:: Exercise data ::
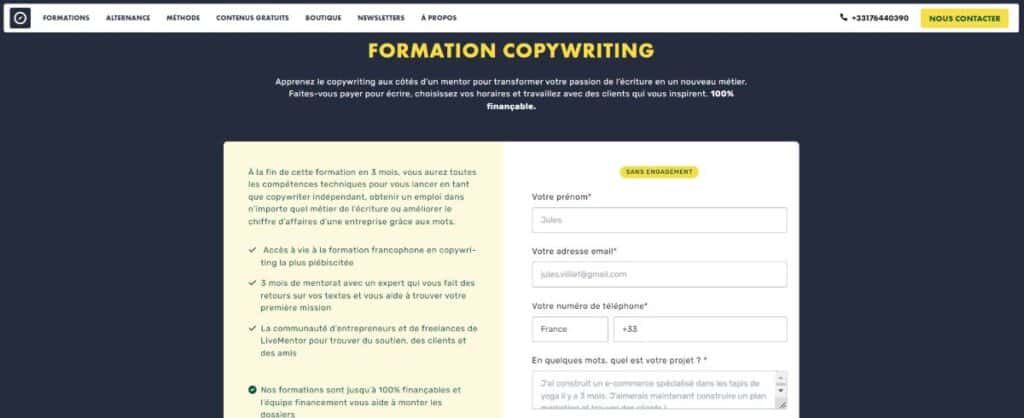 interface formation livementor copywriting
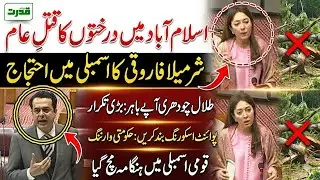 Sharmila Farooqi Powerful Speech on Islamabad Trees Cutting in National Assembly  Talal Chaudhry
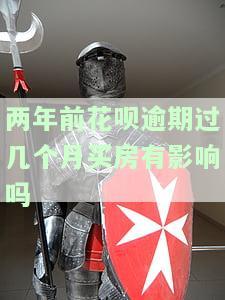 两年前花呗逾期过几个月买房有影响吗？如何解决及后续影响？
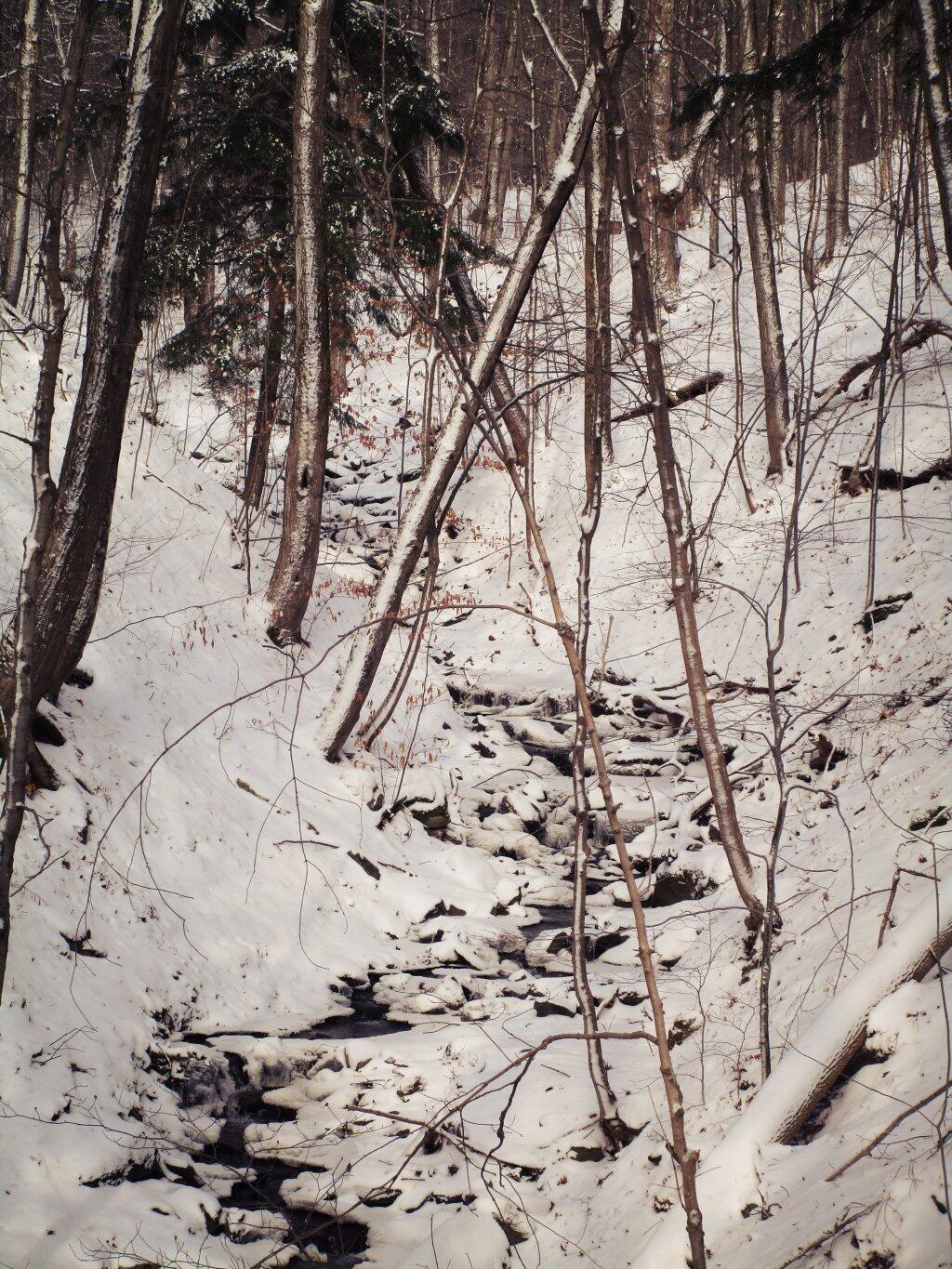 Photo: Creek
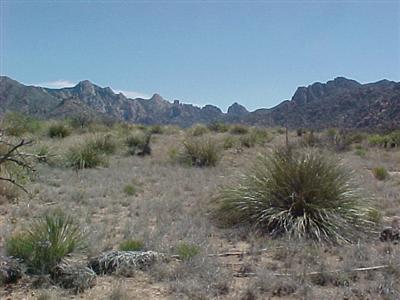 208 East Diamondback Road St. David, AZ 85630 - Photo 3 of 7 Gallery Image 3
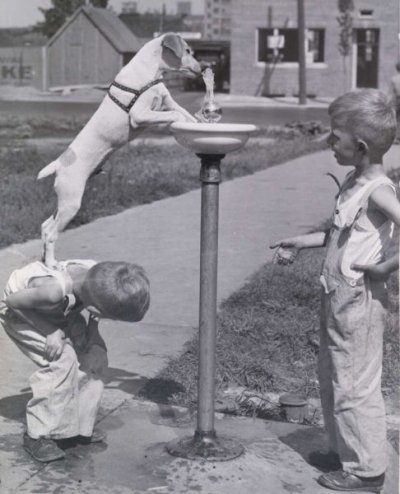 1938.jpg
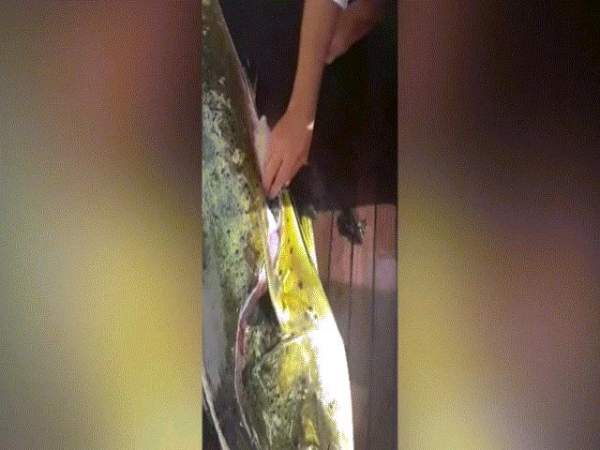 Video: Mổ bụng cá biển, lôi ra cả mớ đồ vật của con người 3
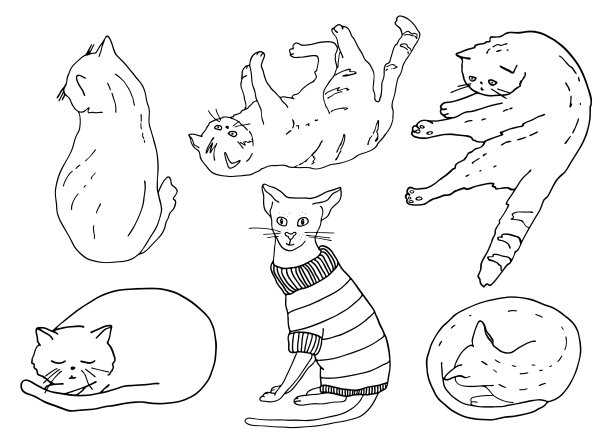 轮廓猫在不同的姿势设置。小猫穿着毛衣，坐着，玩着，睡觉着。手绘等高线矢量插图着色书，装饰，卡片，旗帜，猫，兽医，宠物商店，打印。图片下载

:: What this task involves ::
Starting with the line that contains "208 East Diamondback", reproduce every line to the end of the material above, both end lines included, exactly and with no pictures.

:: Result of this exercise ::
 208 East Diamondback Road St. David, AZ 85630 - Photo 3 of 7 Gallery Image 3
 1938.jpg
 Video: Mổ bụng cá biển, lôi ra cả mớ đồ vật của con người 3
 轮廓猫在不同的姿势设置。小猫穿着毛衣，坐着，玩着，睡觉着。手绘等高线矢量插图着色书，装饰，卡片，旗帜，猫，兽医，宠物商店，打印。图片下载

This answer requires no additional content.